##### The data #####
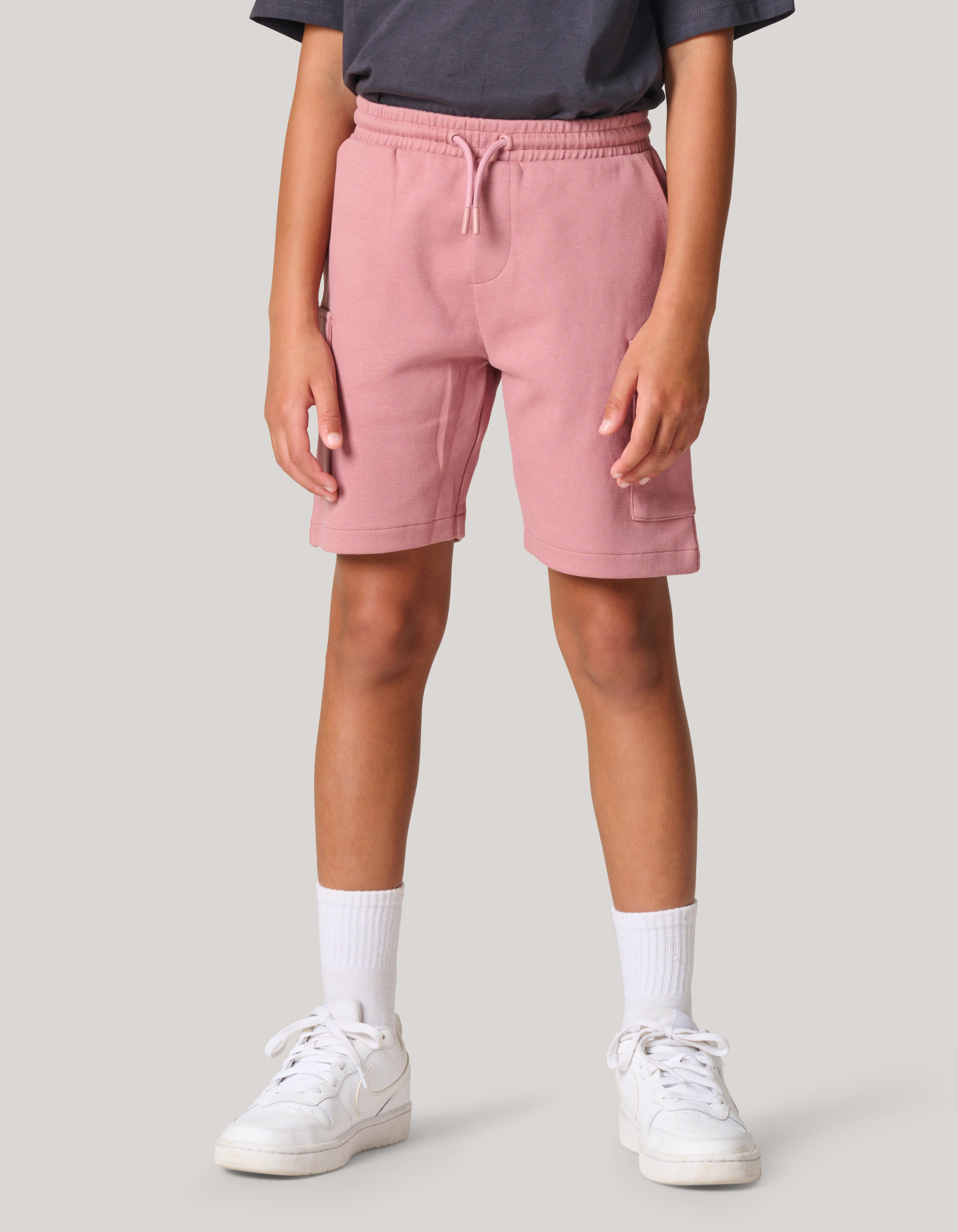 Pique Cargo Short Donkerroze SHOEBY BOYS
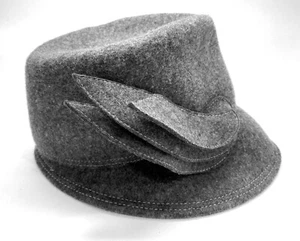 ERIC JAVITS Charcoal-Gray Australian Wool Felt Water-Repellent Bucket Hat - Picture 1 of 7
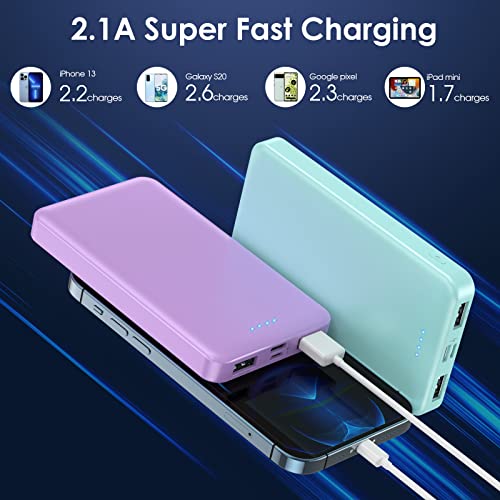 2 Pack]Portable Charger Power Bank 10000mAh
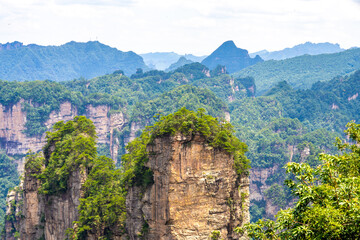 Obraz premium Zhangjiajie scenic area in Hunan Province, China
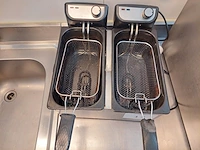 Rvs dubbele friteuse quigg - afbeelding 2 van  6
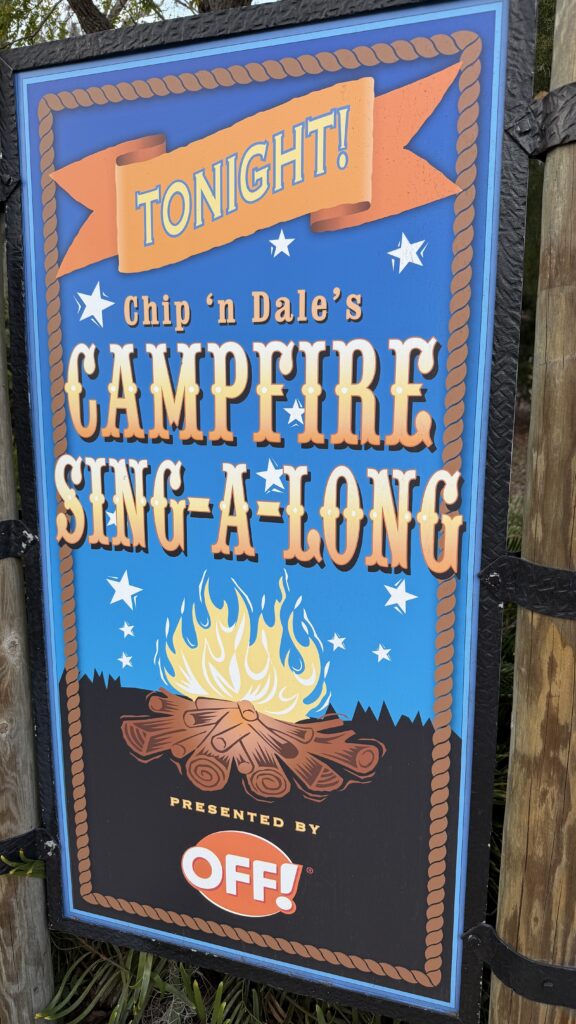 disney campfire sign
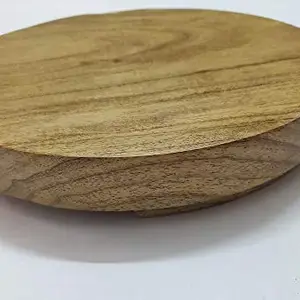 Vansh Traders Wood Rolling Board Roti Maker, 11-inch, Brown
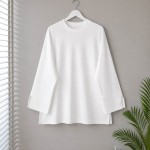 Yırtmaç Detaylı Süprem Sweatshirt Beyaz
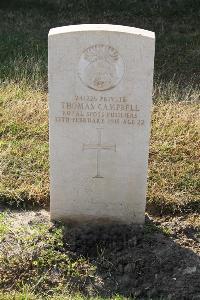 Ismailia War Memorial Cemetery - Campbell, Thomas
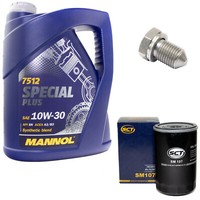 MotoröL ÖLfilter SM107 10W30 5 Liter + ÖLablassschraube FüR Audi Cabriolet 8G7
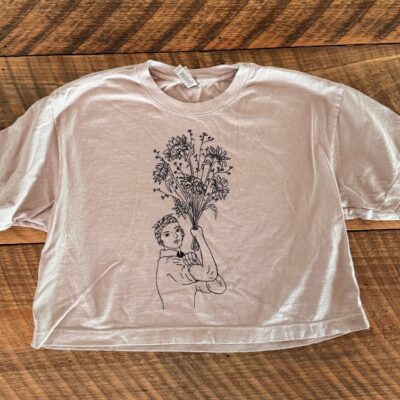 Morning Glory Farm “The Mice Will Play” Boxy Faded Bone T-Shirt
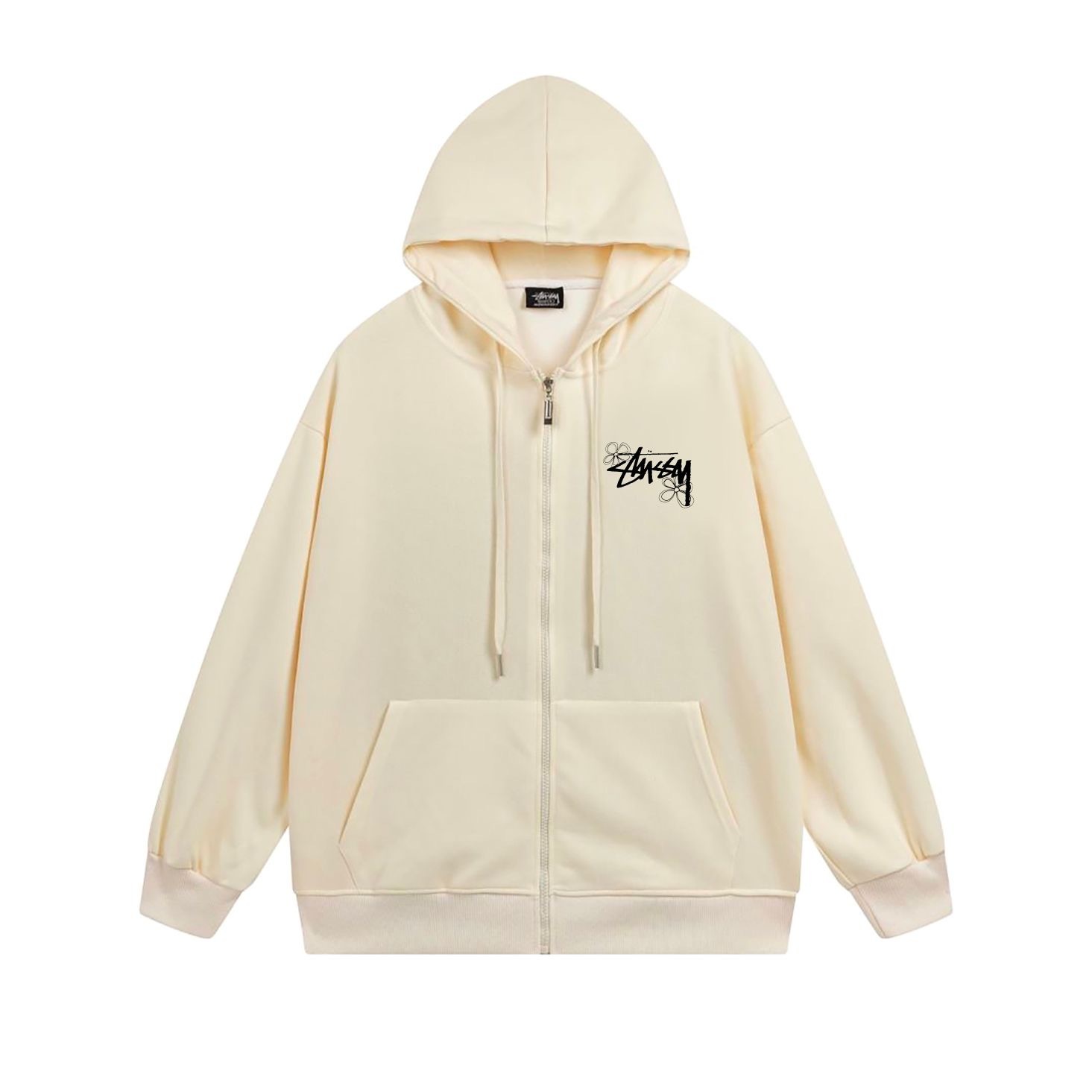Stussy Vintage Typography Stamp Full-Zip Hoodie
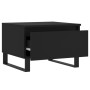 Mesa de centro madera de ingeniería negro 50x46x35 cm de , Mesas de centro - Ref: Foro24-830878, Precio: 42,25 €, Descuento: %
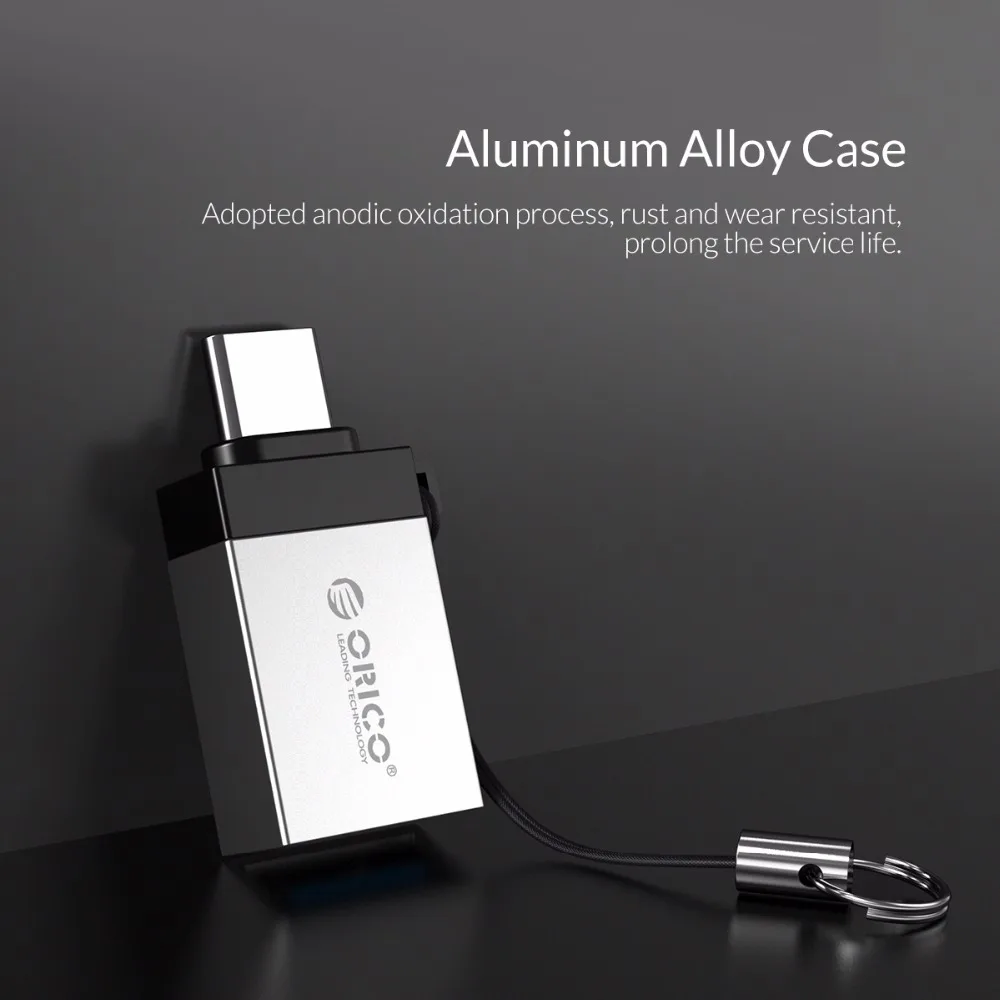 ORICO адаптер типа OTG C(M)-USB 3,0(F) Конвертор USB3.0 5 Гбит/с Скорость передачи данных анти-потерянный ремешок дизайн для телефонов и планшетов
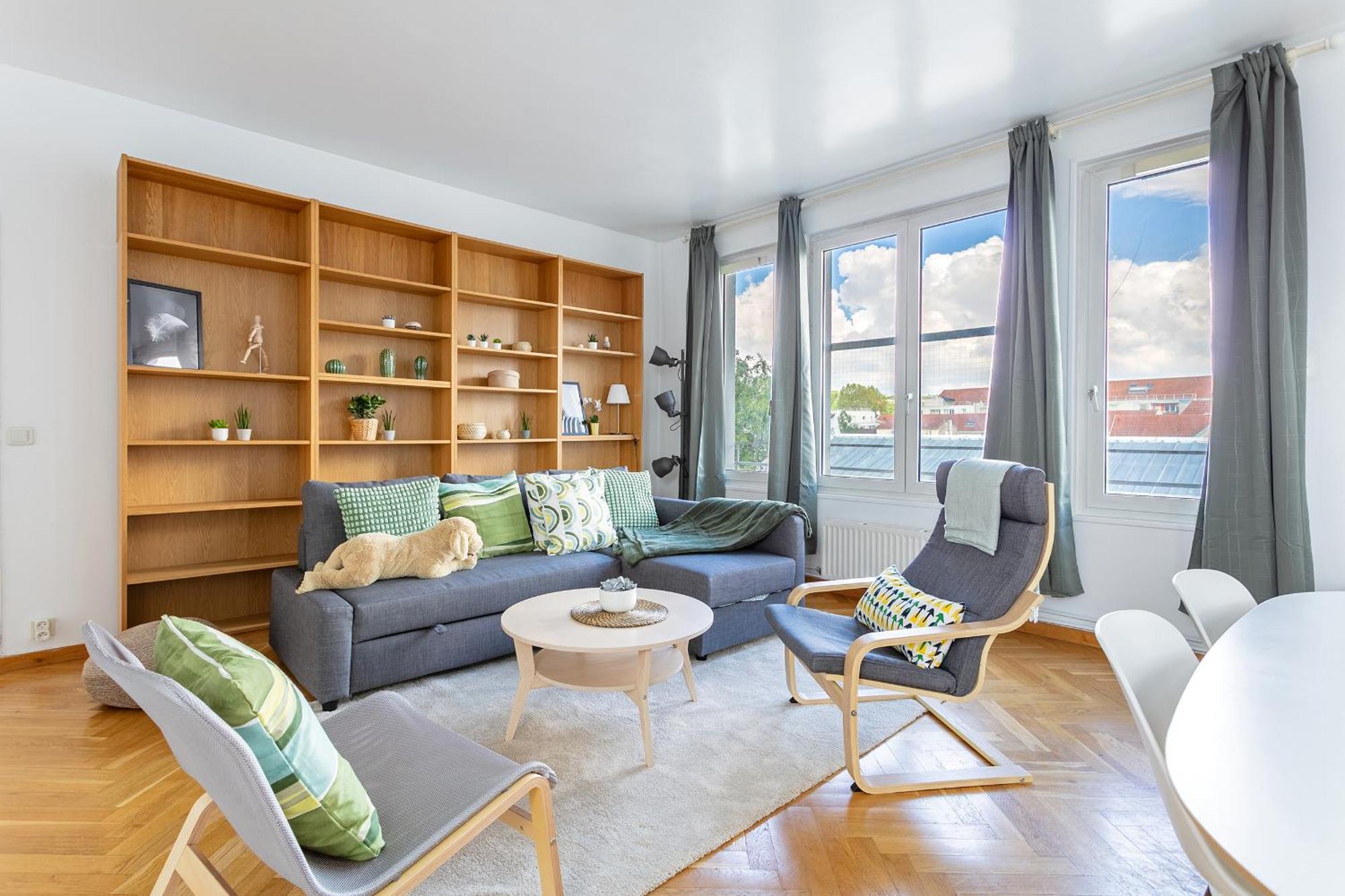Parisian Penthouse With Large Terrasse Apartment Пиерфитл-сюр-Сен Екстериор снимка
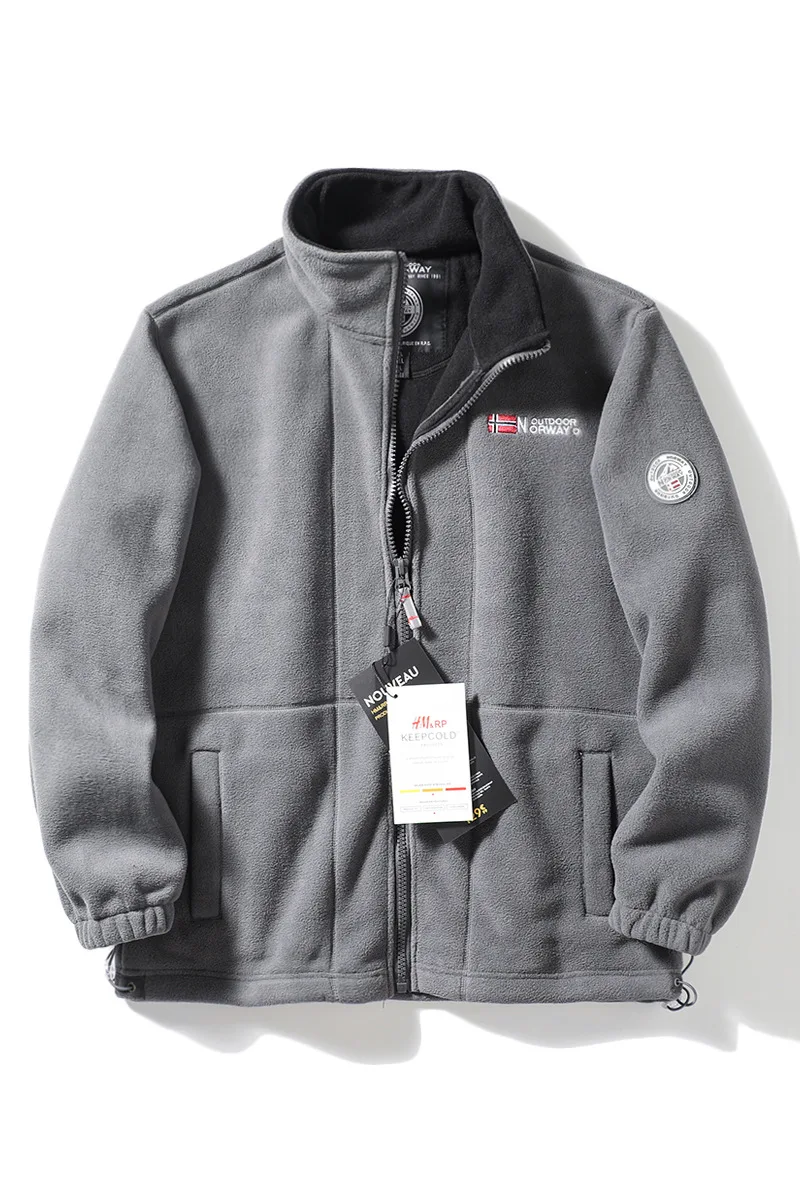Thicken Men's Fleece Jacket Pockets Polarpolis Polar Jacket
#####
• What you should do: From the line holding "Morning Glory Farm" to the line holding "ORICO адаптер типа", both included, retype the entries above exactly and drop the pictures.

• Exercise output:
 Morning Glory Farm “The Mice Will Play” Boxy Faded Bone T-Shirt
Stussy Vintage Typography Stamp Full-Zip Hoodie
 Mesa de centro madera de ingeniería negro 50x46x35 cm de , Mesas de centro - Ref: Foro24-830878, Precio: 42,25 €, Descuento: %
 ORICO адаптер типа OTG C(M)-USB 3,0(F) Конвертор USB3.0 5 Гбит/с Скорость передачи данных анти-потерянный ремешок дизайн для телефонов и планшетов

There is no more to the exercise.